Hey Jim, first and most important, you definitely are *not* a blowhard, the logic and reasoning used in you retort here is enough to justify that fact:)

Second, I think you’re approaching small businesses blogging from a macro perspective, me from a micro one.

Your travel business example is great. It’s a local shop but it has services with a macro appeal, so you’re right, blogging may have a measurable return. But for a local pizza joint, like the example I used, it’s all about a micro appeal, and blogging doesn’t make any sense for that sort of business.

Appreciate your perspective on this…

Dave says,
11-18-2006 at 12:20:49 from 24.221.98.66    

I agree with you Jim. Like you, I posted a reply on my blog, and Mike and I have gone back-and-forth a bit in the comments. I believe that even for strictly local (micro) businesses, blogging is important. In this day and age of advertising overload, business owners understand that to grow their businesses, they must connect with their present and potential customers in a very personal and engaging way. Other than first-person contact, there is no better way than a blog.

I also think that this is particularly true for small businesses that offer near-commodities (dry cleaners, hardware store, dog groomers, etc). They MUST differentiate themselves, and their customers must perceive them as different from the alternative.

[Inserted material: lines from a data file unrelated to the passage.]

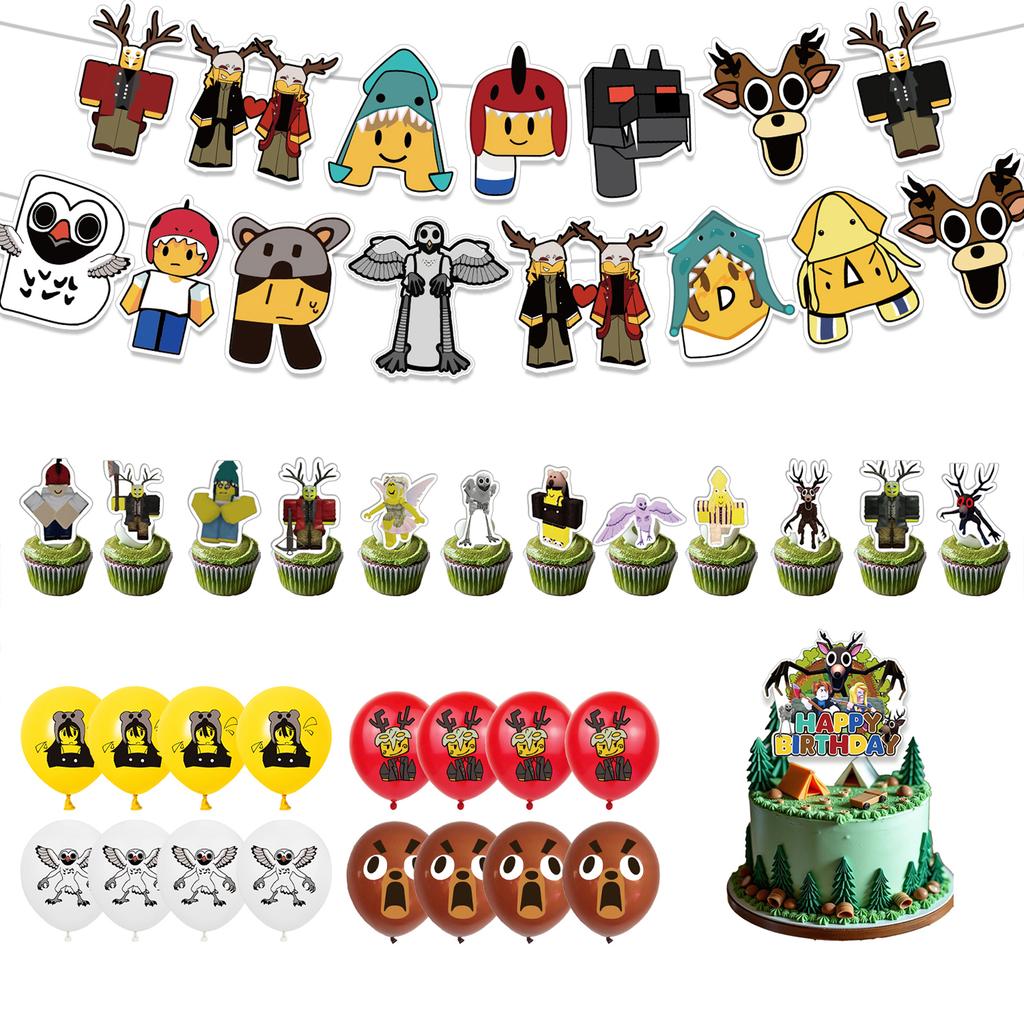 Birthday Theme Party Decoration Banner Flag Balloons Set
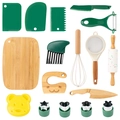 Set da cucina 17 pezzi per bambini in legno e plastica con stampini a stella e cuore - Set da 17 pezzi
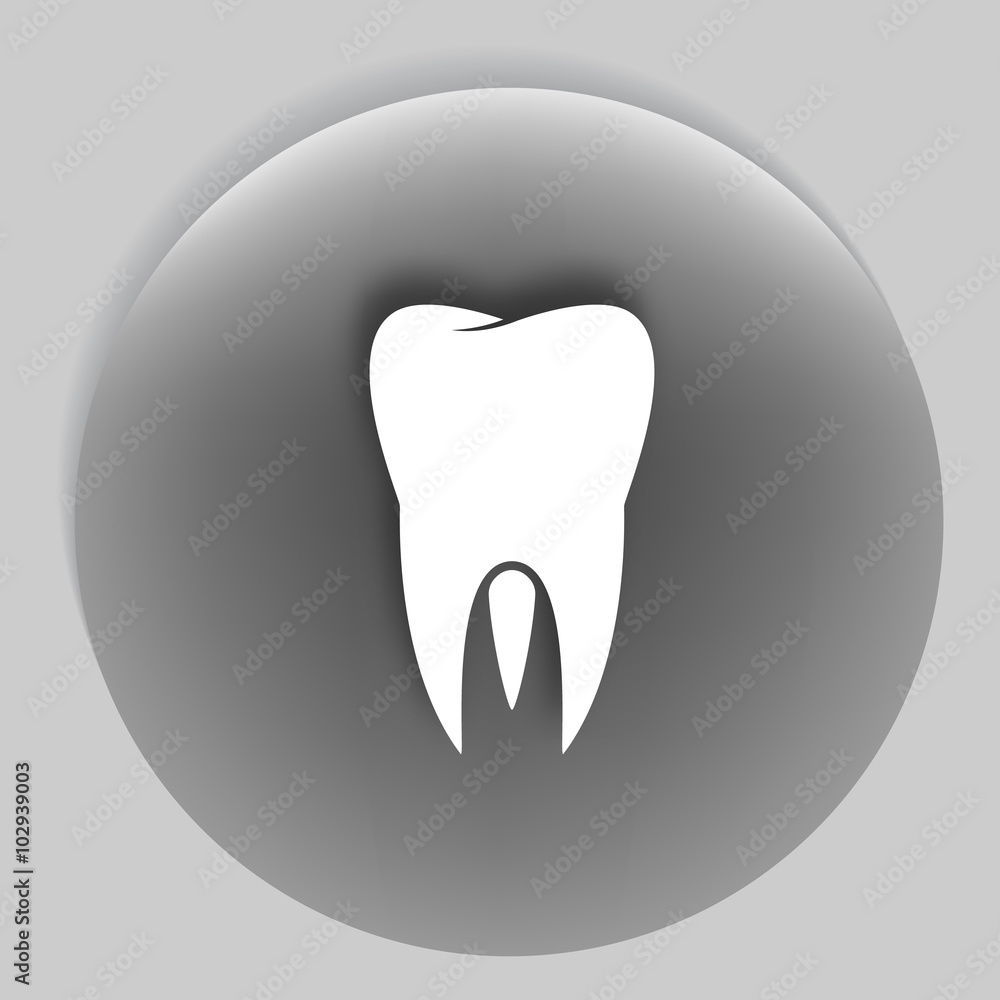 Flat paper cut style icon of tooth. Dentistry symbol Flat paper cut style icon of tooth. Dentistry symbol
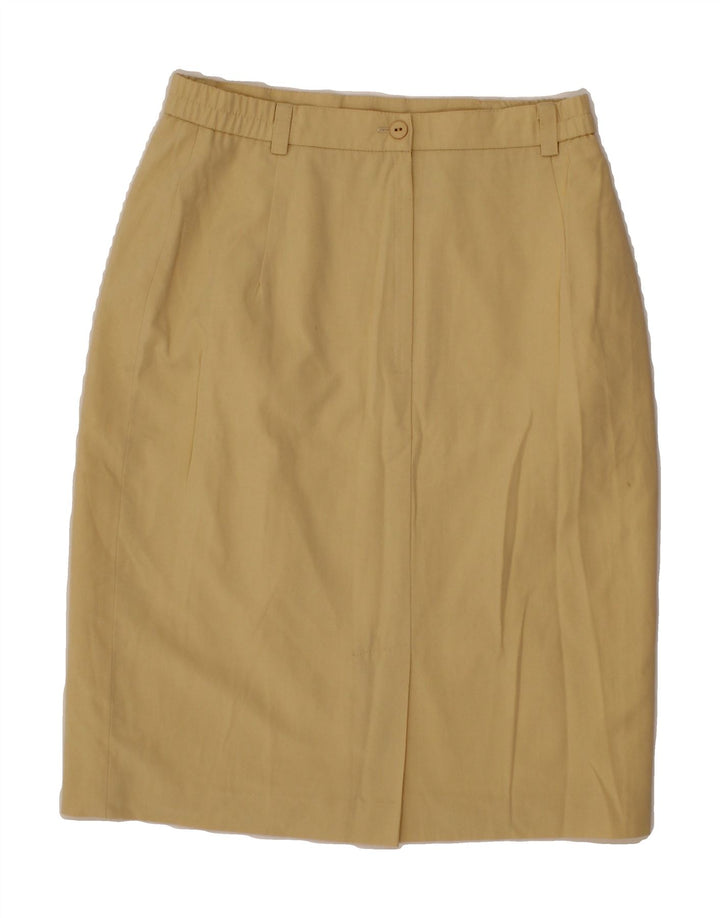 VINTAGE Womens Pencil Skirt UK 14 Medium W28  Yellow Polyester Vintage Vintage and Second-Hand Vintage from Messina Hembry 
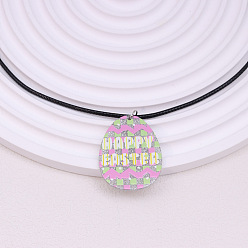 Egg Красочный кулон в клетку из акрила с рисунком «Счастливой Пасхи» на черном вощеном шнурке для женщин, яйцо, 17.72 дюйм (45 см), Кулон : 51x31 мм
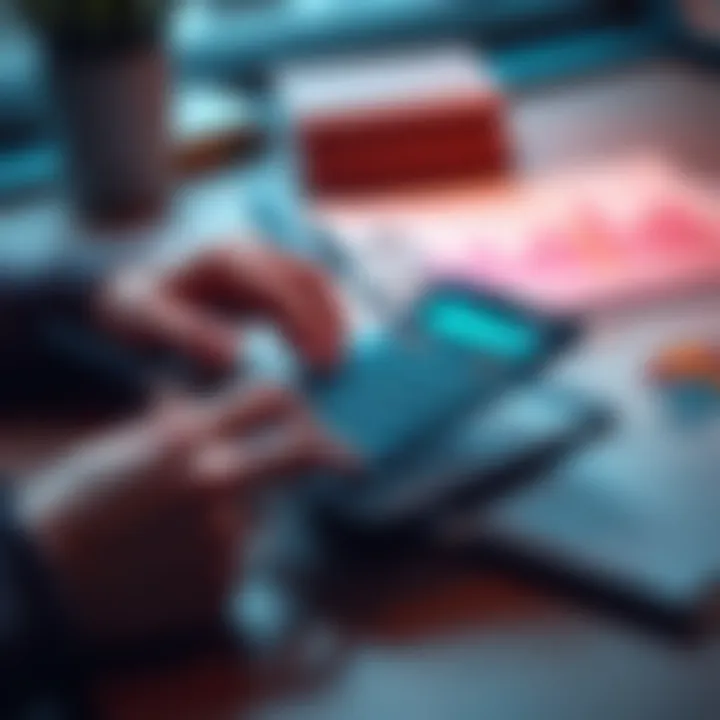 A person calculating their monthly income with a calculator and financial documents on a desk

A blog is a far better tool for doing that than a few reviews on a local search engine.

11-20-2006 at 20:33:19 from 12.205.135.99    

Search: cannoli pittsburgh
Or: patent attorney iowa’
Or: yachts maine

Does blogging make a business more findable? Approachable?

I think there are many ways a pizza joint can use blogging to improve their bottom line. I also think Mike’s suggestions are solid - but to ignore blogging could prove unwise down the road.

11-22-2006 at 11:50:41 from 89.27.200.227    

Just one more point of view:

I just convinced a group of small business owners to start their business blogs - each company a blog for themselves.

The good thing about this:
Even if the companies are only dealing with local or at least regional customers, they belong to a nationwide franchise-group.

Adding to all the advantages, mentioned above, come the point: That whenever a customers come to one of their blogs, and gets interested in the philosophy of the company and the group, he can easily klick on to that local company, which is next to him.

11-22-2006 at 23:37:55 from 66.54.204.131    

Blogging for small business people is all about providing their customers with extra value and positioning themselves as an expert and “go to” person/company in that field.

It’s another form of customer service, because it’s another way to “touch” their customers and provide additional services.

As for trying to “encourage your customers to share their experiences with your business with local search engines like Yahoo! Local or Google Local.” Yeah, sure. It’s hard enough to get them to fill out a customer survey even when you offer incentives.